Madeleine Albright writes about D-Day and the value of national service in USA Today
Like many Americans of a certain age, I have always felt a direct connection to the events of D-Day, 70 years ago Friday. I was 7 years old, living in London, when the liberation of Europe — and eventually the liberation of my parents' home — began in the early morning of June 6, 1944. My family had fled from Czechoslovakia following the Munich Agreement, which legitimized Adolf Hitler's dismemberment of a neighboring nation and became a symbol of the West's impotence and division.
D-Day was the opposite historical pole to Munich. It was not only the decisive battle in a great war, it also was the demonstration that a great alliance, led by America, could achieve unprecedented strategic, technical and moral purposes. The first wave of Operation Overlord carried 150,000 men and 1,500 tanks to the French coast, essentially transporting a small city across the English Channel through a hail of artillery and machine gun fire. This achievement set the tone for a generation, in which the task of saving the world became a normal, expected part of Americans' calling.
This spirit of civic competence and shared enterprise was carried home, in a thousand less obvious ways. The generation that won World War II believed, on good evidence, that national problems could yield to common action. So they joined institutions more, voted more and engaged in public service more than the generations before or after them.
An anniversary is an excuse for nostalgia, but these values and commitments are of more than historical interest. They are, in fact, essential to self-government, citizenship and the particular challenges of the modern world. In a time when our sense of civic competence is weakened, when there are fewer bonds that tie people of different social backgrounds together, when national purpose sometimes seems like sand in our hands, America needs to renew the spirit of service.

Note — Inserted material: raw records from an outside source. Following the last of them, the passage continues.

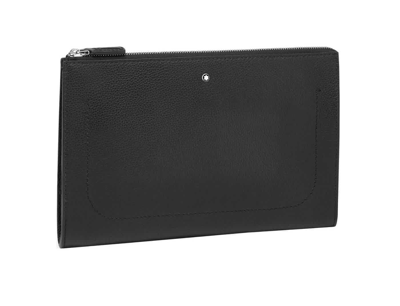 Montblanc Meisterstuck Soft Grain Clutch In Black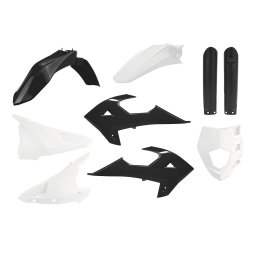 Kit plastice POLISPORT enduro Black white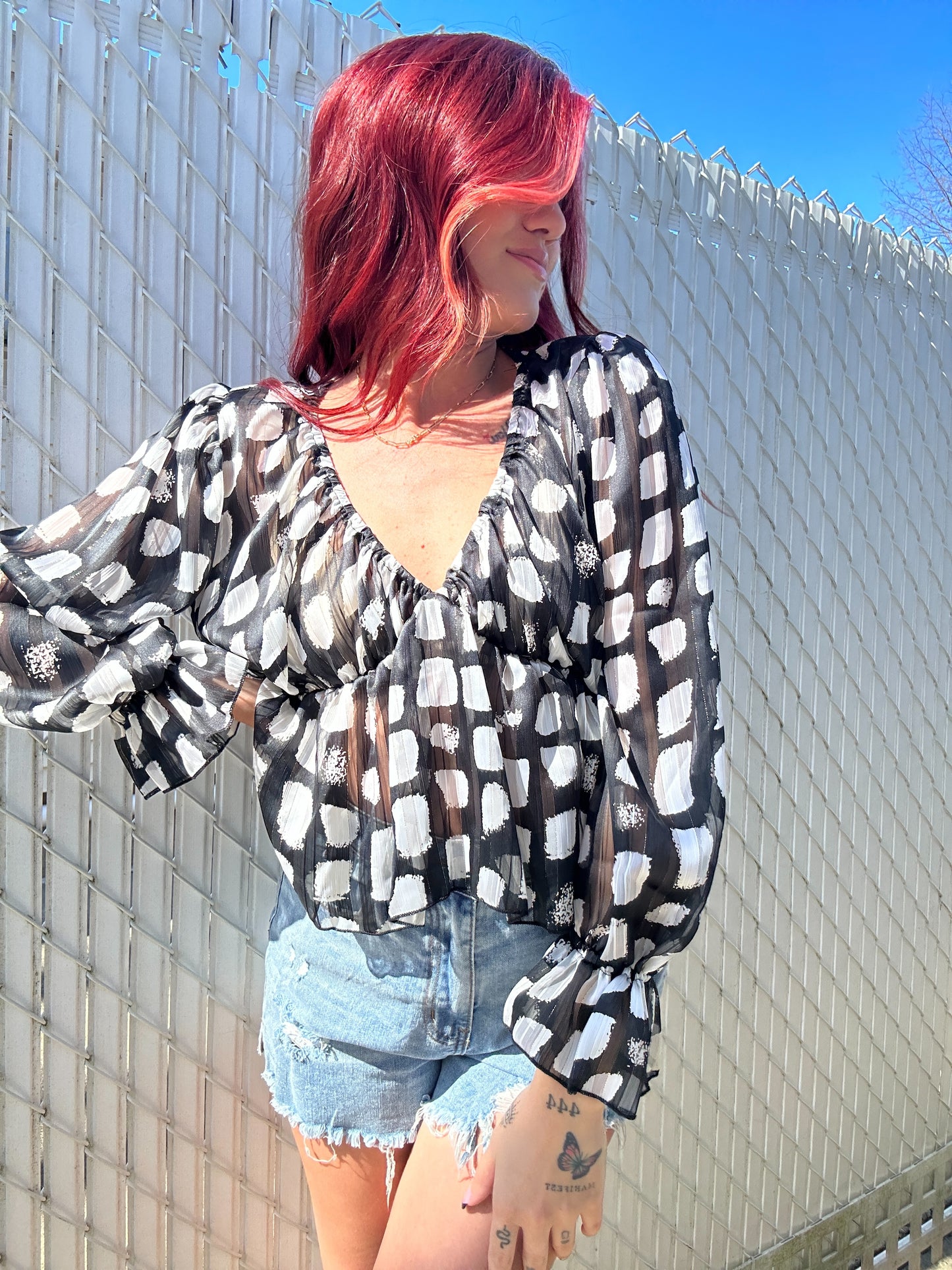 Sheer Babydoll Top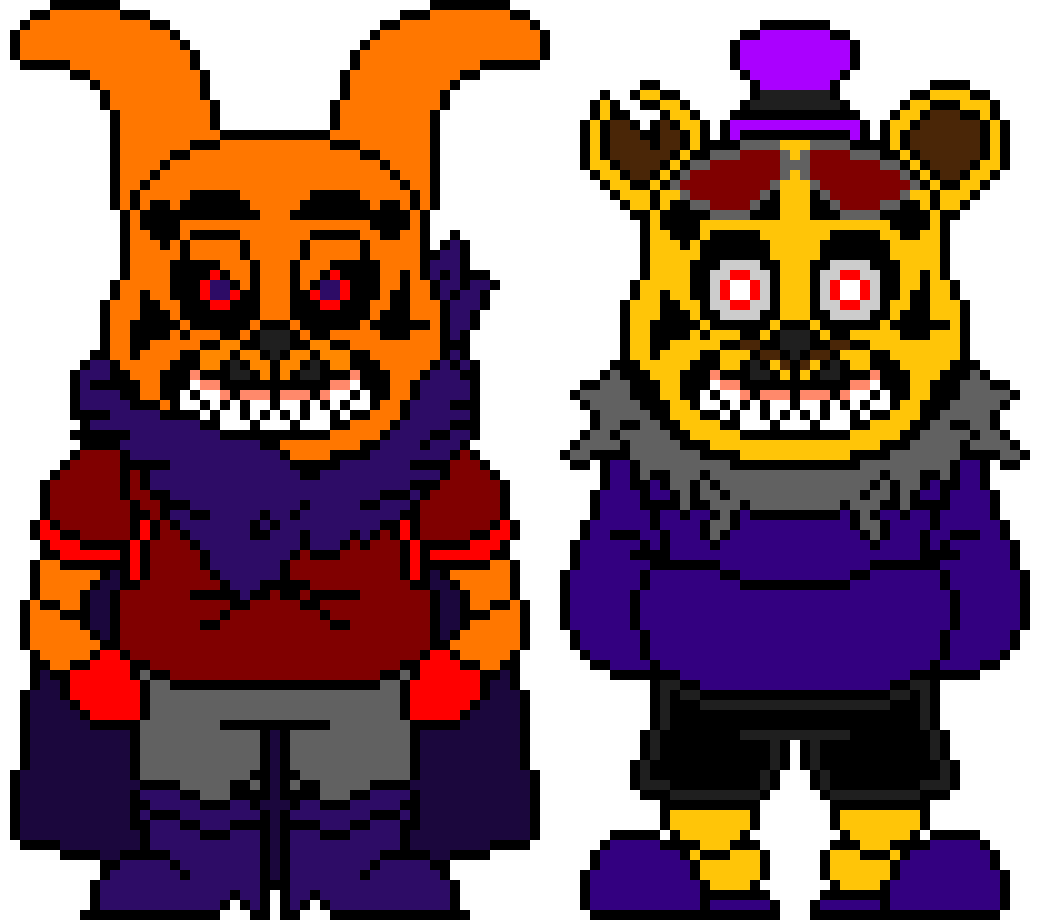 PeterPlay19 and his friend in FNaF 4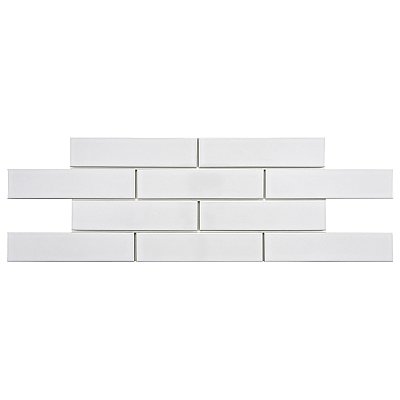 Metro Soho Subway Glossy White 1-3/4" x 7-3/4" Porcelain Floor & Wall Tile - Sold Per Case of 30 - 3.0 Sq. Ft.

The expression of that venerable ideal will, of course, be different in today's world. America still depends on the courage and skill of men and women in uniform. Yet the changing nature of military service, involving higher technology and lower manpower, has reduced the percentage of Americans who experience the risks and culture of our armed forces. A broad ethic of national service, however, is still needed, for the sake of our national security and our civic success.
Service is transformative. At its best, it makes people aware of needs around them. It bridges races and classes, diminishing differences in the pursuit of common goals. It demonstrates that difficult national problems can be addressed and overcome by citizen action. It is an antidote to both selfishness and a feeling of social helplessness.
Time for public service
How do we renew the spirit of service in our time? That question was the focus of a summit at Gettysburg, Pa., this week, sponsored by the Franklin Project at The Aspen Institute. Retired general Stan McChrystal convened a bipartisan group of leaders and activists around a big, much-needed idea: to provide 1 million civilian national service opportunities for 18- to 28-year-olds every year, on par with the more than 1 million who serve on active duty in our nation's military.
While keeping service voluntary, the goal is to make a "service year" a normal, expected part of American life. Pursuing this objective would allow tutors and mentors to be mobilized in low-performing schools, allow unemployed youth to conserve parks and rivers, and allow returning veterans to continue serving while integrating back into civilian life.
The rising generation is asking for these opportunities. They young are overwhelming organizations such as Teach for America, AmeriCorps and the Peace Corps with applications for a limited number of spots. They are requesting its shot at greatness. We have an opportunity and duty to provide it.
It was once common in America to ask, "Where did you serve?" A generation whose members could answer "Juno" or "Omaha" deserves to be honored at every opportunity. And one way to honor them is to encourage an ethic of responsibility, competence and courage that they would recognize — and that remains necessary among Americans of every generation. A small percentage of this generation can answer that question by saying "Fallujah" or "Marjeh," "Baghdad" or "Kandahar." Imagine a world where every American could answer with the names of communities in America and across the globe in need of hope.
Madeleine Albright served as secretary of State in the Clinton administration. She is chair of the Albright Stonebridge Group and a member of the Leadership Council of the Franklin Project.